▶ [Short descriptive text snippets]

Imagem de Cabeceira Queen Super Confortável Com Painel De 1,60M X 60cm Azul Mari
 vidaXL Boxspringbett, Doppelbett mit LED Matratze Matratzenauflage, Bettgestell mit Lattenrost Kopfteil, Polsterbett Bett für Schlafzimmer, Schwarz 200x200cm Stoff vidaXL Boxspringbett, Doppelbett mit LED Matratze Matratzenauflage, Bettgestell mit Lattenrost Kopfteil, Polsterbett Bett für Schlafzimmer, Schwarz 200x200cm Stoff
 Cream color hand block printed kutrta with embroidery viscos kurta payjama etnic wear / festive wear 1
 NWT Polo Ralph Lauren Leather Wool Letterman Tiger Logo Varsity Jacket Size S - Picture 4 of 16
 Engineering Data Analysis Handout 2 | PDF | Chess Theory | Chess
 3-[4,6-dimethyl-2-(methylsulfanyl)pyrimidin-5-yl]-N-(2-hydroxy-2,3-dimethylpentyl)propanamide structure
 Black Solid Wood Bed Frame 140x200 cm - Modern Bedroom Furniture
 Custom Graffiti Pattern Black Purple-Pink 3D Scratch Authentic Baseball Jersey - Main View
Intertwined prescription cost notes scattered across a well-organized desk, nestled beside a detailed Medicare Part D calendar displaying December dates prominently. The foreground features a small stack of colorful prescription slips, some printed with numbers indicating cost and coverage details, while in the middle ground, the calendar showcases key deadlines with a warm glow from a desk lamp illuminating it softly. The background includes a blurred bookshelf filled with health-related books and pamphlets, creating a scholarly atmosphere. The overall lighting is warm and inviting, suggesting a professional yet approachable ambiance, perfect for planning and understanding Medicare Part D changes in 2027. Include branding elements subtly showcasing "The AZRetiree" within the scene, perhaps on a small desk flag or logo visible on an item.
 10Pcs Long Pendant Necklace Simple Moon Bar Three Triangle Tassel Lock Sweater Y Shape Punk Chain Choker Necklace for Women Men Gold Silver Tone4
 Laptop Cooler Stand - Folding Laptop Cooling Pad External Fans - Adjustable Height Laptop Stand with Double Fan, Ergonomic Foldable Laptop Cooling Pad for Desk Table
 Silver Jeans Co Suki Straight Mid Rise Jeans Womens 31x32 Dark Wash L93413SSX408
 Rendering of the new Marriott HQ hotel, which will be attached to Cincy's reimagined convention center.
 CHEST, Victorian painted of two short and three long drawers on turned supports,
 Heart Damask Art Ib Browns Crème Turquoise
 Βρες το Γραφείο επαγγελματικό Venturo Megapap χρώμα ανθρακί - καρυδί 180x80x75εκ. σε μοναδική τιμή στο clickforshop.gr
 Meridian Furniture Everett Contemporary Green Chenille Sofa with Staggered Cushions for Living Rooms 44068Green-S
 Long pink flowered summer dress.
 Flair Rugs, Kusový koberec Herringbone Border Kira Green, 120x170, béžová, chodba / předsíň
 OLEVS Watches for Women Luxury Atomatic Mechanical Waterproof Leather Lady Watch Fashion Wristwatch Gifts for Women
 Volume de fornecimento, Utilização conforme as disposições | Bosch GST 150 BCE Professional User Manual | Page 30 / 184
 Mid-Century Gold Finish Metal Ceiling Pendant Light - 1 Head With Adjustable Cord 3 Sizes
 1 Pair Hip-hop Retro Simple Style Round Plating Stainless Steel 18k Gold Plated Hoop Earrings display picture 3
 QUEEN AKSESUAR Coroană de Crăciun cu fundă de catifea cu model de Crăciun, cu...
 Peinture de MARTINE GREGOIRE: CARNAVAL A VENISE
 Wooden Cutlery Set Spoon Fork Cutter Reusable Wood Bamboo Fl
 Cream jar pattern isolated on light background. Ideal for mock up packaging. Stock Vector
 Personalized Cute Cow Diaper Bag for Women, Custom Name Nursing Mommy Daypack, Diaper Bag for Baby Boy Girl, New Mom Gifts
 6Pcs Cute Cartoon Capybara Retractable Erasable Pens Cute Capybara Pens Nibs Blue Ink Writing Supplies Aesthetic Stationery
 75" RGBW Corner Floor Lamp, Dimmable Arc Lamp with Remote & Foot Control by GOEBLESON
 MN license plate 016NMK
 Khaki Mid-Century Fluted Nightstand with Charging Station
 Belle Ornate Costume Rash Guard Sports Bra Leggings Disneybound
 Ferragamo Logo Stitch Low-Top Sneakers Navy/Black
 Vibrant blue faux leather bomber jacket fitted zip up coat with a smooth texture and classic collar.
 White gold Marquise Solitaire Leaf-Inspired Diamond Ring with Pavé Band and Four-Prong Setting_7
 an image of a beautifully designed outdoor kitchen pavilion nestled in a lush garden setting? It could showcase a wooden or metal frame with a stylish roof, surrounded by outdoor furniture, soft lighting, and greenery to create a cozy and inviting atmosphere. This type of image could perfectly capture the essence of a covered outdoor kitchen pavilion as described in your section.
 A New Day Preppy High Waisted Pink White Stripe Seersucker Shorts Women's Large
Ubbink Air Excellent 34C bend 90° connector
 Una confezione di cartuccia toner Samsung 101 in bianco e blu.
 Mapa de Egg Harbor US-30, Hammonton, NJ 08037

▶ [ACTIVITY] Stop at the line containing "Custom Graffiti Pattern". Please print exactly every line before it from the start of the records, plus that line itself, and nothing else.

▶ [OUTPUT FOR THIS EXERCISE]
Imagem de Cabeceira Queen Super Confortável Com Painel De 1,60M X 60cm Azul Mari
 vidaXL Boxspringbett, Doppelbett mit LED Matratze Matratzenauflage, Bettgestell mit Lattenrost Kopfteil, Polsterbett Bett für Schlafzimmer, Schwarz 200x200cm Stoff vidaXL Boxspringbett, Doppelbett mit LED Matratze Matratzenauflage, Bettgestell mit Lattenrost Kopfteil, Polsterbett Bett für Schlafzimmer, Schwarz 200x200cm Stoff
 Cream color hand block printed kutrta with embroidery viscos kurta payjama etnic wear / festive wear 1
 NWT Polo Ralph Lauren Leather Wool Letterman Tiger Logo Varsity Jacket Size S - Picture 4 of 16
 Engineering Data Analysis Handout 2 | PDF | Chess Theory | Chess
 3-[4,6-dimethyl-2-(methylsulfanyl)pyrimidin-5-yl]-N-(2-hydroxy-2,3-dimethylpentyl)propanamide structure
 Black Solid Wood Bed Frame 140x200 cm - Modern Bedroom Furniture
 Custom Graffiti Pattern Black Purple-Pink 3D Scratch Authentic Baseball Jersey - Main View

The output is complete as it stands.